Queries With Only One Candle
A substring may contain exactly one candle.
For example:
s = "***|***"
query = [0, 6]
Even though a candle exists, plates still cannot be enclosed because two candle boundaries are required.
The implementation detects this because the computed start and end positions either match or produce start >= end.

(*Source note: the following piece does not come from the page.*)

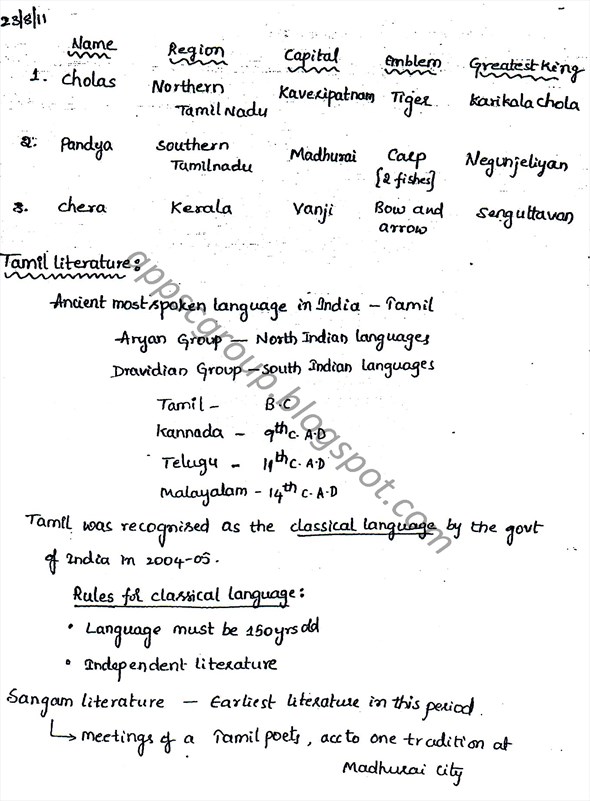 Post Mauryan Age - Ancient India ( Short Notes) |APPSC Material, Group ...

Plates Outside the Outer Candles
One of the easiest mistakes is accidentally counting plates that lie outside the valid candle boundaries.
For example:
s = "**|**|**"
query = [0, 7]
Only the two plates between the candles should count. The plates before the first candle and after the last candle must be ignored.
The implementation handles this correctly by first locating the inner candle boundaries and then counting only the plates strictly between those positions using prefix sums.